For each different sport we have different goals when using Supervised Learning. This is because we have different ranges of data for each sports. Our base dataset for each sport is composed by player/team and tournament/league statistics plus bookmaker data(odd timeseries of different houses). We also use the outputs of the anomaly detection models as a feature/input for ours models. Each sport has its own data preparation process consisting on cleaning, labeling and standardizing data.

For sports like Tennis or Soccer we use binary classification to filter out bad tips, meaning, if our models predict a different outcome from the one forecasted by our tipsters, the tip is not realized as a bet.

For sports like Volleyball or Handball we try to forecast the outcome of the match. We try to find convergence between the tips produced by out tipsters and our models.

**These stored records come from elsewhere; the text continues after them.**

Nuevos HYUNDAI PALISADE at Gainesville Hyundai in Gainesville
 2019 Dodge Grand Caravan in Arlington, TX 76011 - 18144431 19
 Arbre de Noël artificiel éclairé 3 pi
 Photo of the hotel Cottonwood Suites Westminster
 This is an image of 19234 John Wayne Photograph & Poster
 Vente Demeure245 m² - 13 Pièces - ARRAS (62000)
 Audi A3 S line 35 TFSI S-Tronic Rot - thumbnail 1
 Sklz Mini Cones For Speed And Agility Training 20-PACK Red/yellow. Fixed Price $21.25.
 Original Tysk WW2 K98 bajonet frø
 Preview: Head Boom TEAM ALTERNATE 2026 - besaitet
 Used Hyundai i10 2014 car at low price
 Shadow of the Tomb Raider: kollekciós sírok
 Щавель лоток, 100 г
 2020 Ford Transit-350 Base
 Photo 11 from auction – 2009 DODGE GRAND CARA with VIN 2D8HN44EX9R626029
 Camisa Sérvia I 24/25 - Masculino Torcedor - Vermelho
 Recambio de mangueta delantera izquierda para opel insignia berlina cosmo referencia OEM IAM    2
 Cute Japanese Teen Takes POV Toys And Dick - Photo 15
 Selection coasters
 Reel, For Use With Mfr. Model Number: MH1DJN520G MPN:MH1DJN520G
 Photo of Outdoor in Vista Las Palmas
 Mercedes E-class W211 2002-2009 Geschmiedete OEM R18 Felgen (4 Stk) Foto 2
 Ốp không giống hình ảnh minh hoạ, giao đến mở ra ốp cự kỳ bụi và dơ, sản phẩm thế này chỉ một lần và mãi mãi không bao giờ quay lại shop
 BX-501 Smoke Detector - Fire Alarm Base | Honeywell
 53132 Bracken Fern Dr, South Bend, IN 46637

We use a mix of different models, currently we obtain the best f-scores using Random Forests and Support Vector Machines with a Radial kernel. Generalized linear models and pricinpal component analysis are also used to improve our results through better feature selection.

Support Vector Machines w/ different kernels.

Betting with the Machine Learning models

The first thought most bettors/gamblers have when applying machine learning to sports betting is to try to forecast match results and bet on it. We have found that by using our models outputs for Handicap, Number of Sets/Games or Number of Goals/Points betting we have bigger accuracy and returns than betting on result. This is specially true for football betting, where betting on match result is rarely a good idea. For example, if the model forecasts the favorite will loose, one may conclude that the probability of a disputed game (high number of points) is higher.

We also have noticed that there is a seasonality bias on our forecasts. In the beginning of each season/league there are more miscalculated odds(odds are mostly calculated based on previous year results). In this early period anomaly detection will be very profitable when used to identify this inefficiencies. At later stages there are more information about each team/player making it more difficult to spot mispriced odds but easier to forecast a game winner.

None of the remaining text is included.